#### The task:
Exercise in exact copying: restate word for word only the lines below from the one containing "Dark Coffee Antiodor" through the one containing "Mặt bằng thiết", omitting any pictures.

#### Records for the task:
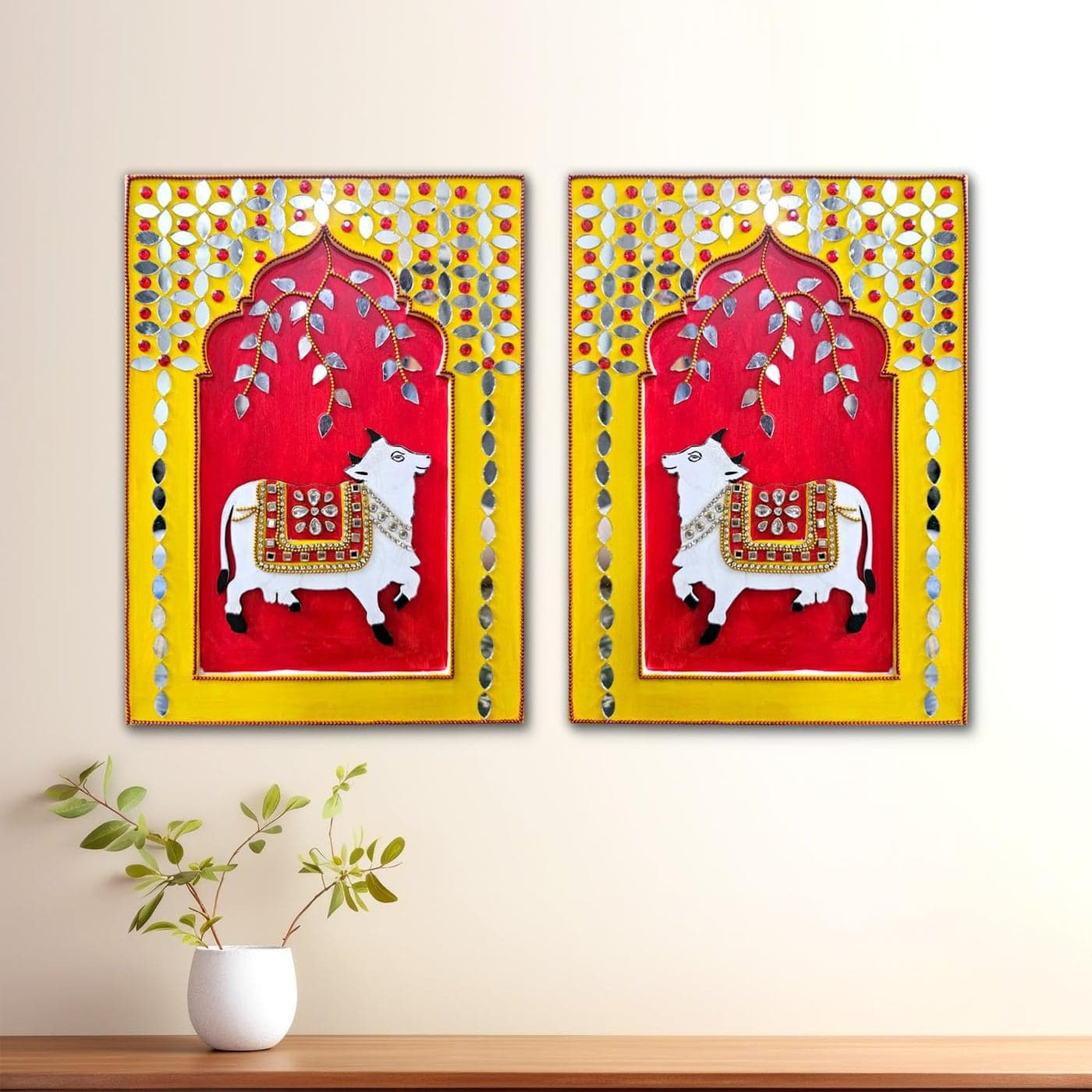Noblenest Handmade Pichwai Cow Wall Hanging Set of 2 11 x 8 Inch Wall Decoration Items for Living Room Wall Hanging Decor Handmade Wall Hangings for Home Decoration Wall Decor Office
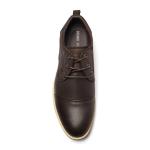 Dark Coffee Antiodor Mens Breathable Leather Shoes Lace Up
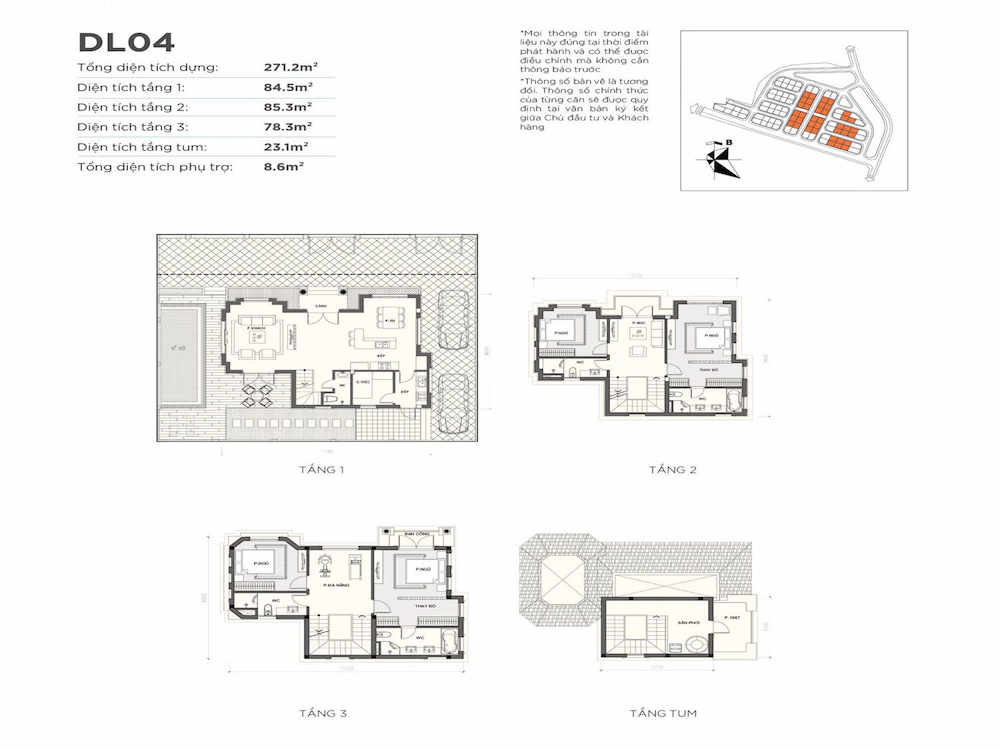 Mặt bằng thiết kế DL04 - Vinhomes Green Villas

---

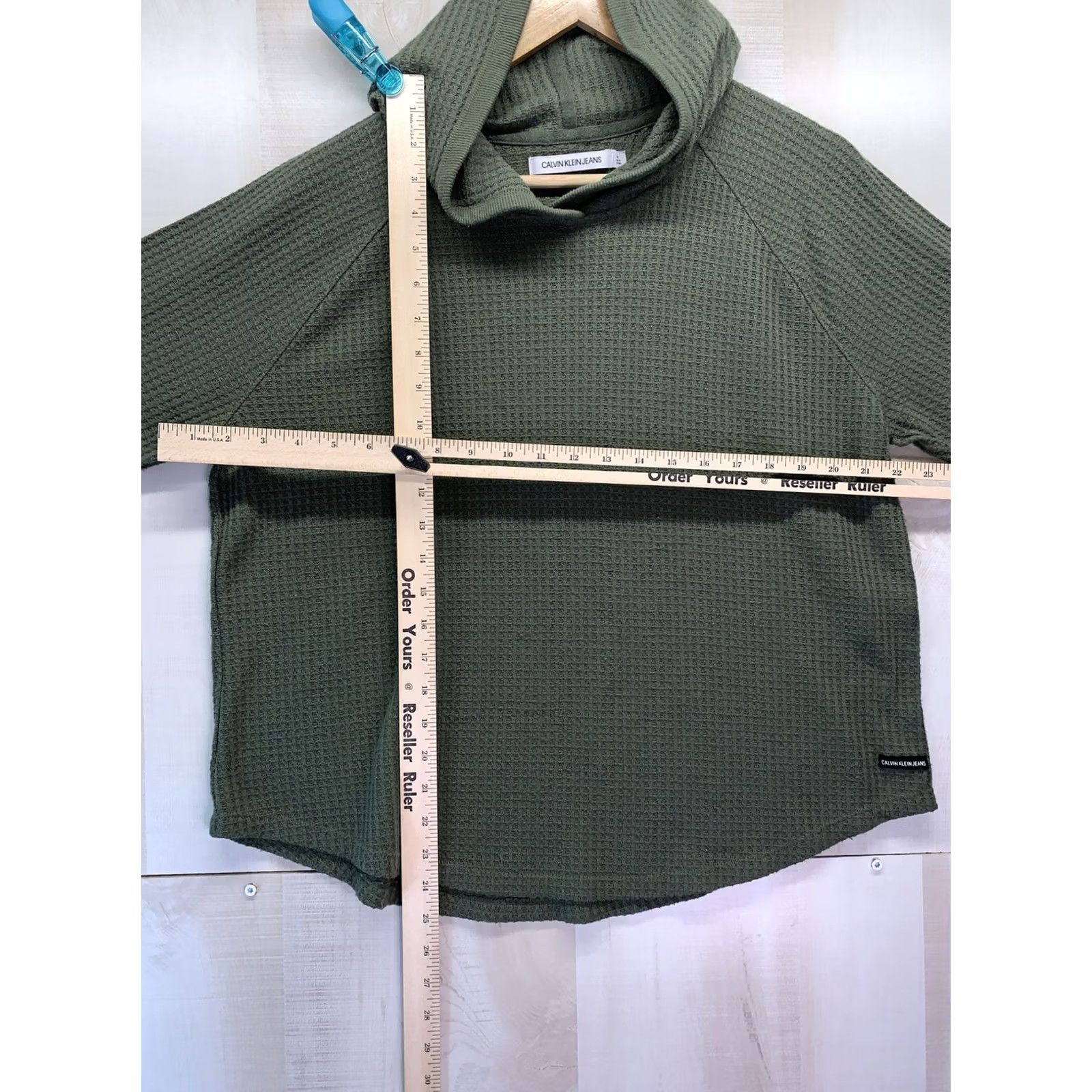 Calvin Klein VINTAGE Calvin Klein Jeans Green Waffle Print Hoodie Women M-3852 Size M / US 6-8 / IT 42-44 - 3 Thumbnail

#### Reply:
 Dark Coffee Antiodor Mens Breathable Leather Shoes Lace Up
 Mặt bằng thiết kế DL04 - Vinhomes Green Villas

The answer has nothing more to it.